◆ Dataset excerpt:

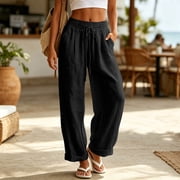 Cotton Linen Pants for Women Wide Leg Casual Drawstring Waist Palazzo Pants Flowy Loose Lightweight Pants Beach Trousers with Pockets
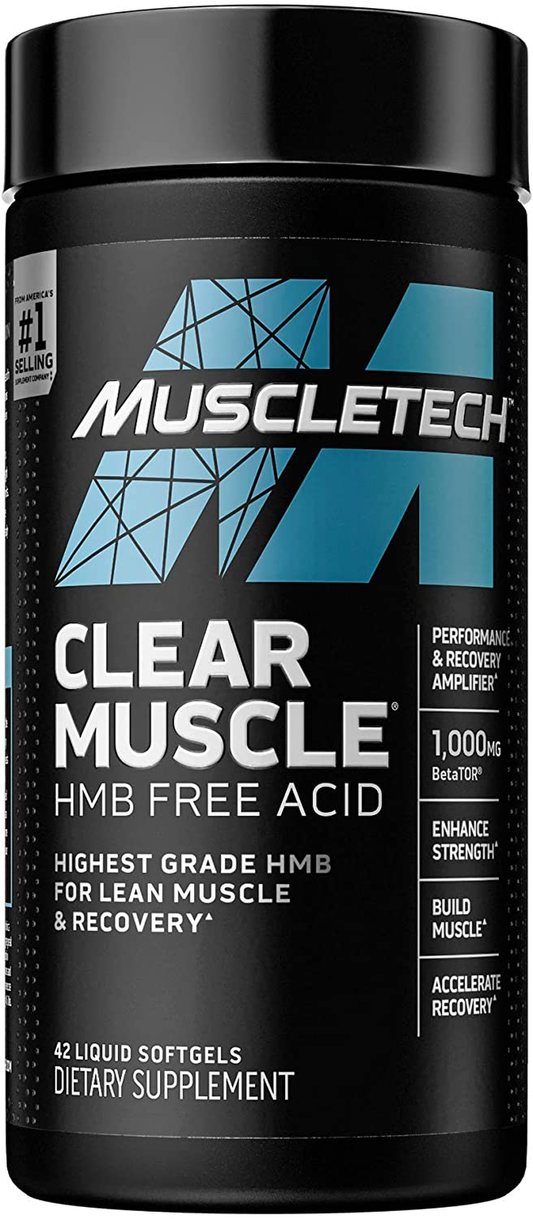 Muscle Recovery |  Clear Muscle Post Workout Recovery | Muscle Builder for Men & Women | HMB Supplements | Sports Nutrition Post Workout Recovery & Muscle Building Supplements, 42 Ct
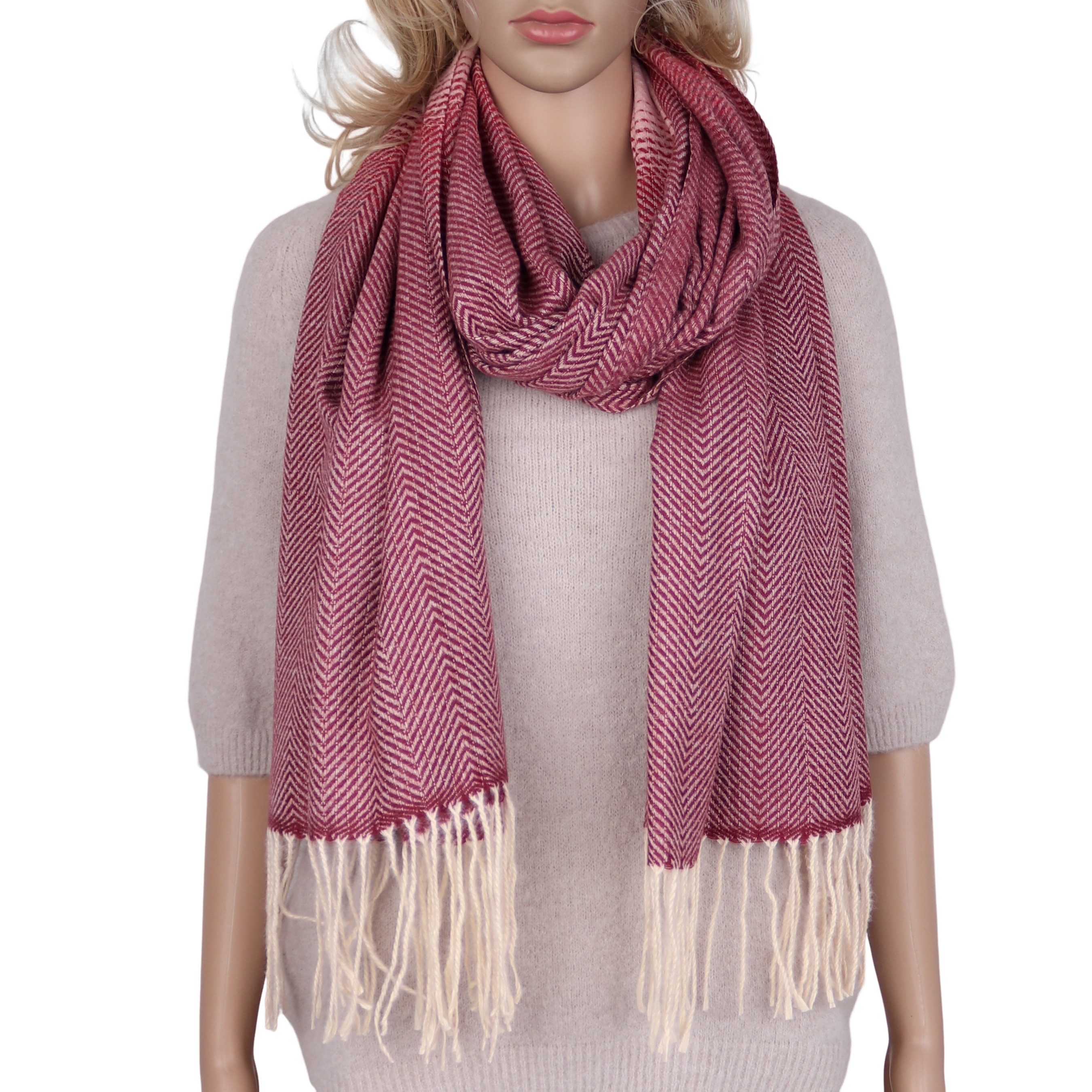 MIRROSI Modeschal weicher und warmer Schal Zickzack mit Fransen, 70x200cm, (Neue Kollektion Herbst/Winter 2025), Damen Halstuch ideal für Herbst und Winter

◆ Work to be completed:
All of the material goes into the answer exactly as it stands, except for the pictures.

◆ Written response:
 Cotton Linen Pants for Women Wide Leg Casual Drawstring Waist Palazzo Pants Flowy Loose Lightweight Pants Beach Trousers with Pockets
 Muscle Recovery |  Clear Muscle Post Workout Recovery | Muscle Builder for Men & Women | HMB Supplements | Sports Nutrition Post Workout Recovery & Muscle Building Supplements, 42 Ct
 MIRROSI Modeschal weicher und warmer Schal Zickzack mit Fransen, 70x200cm, (Neue Kollektion Herbst/Winter 2025), Damen Halstuch ideal für Herbst und Winter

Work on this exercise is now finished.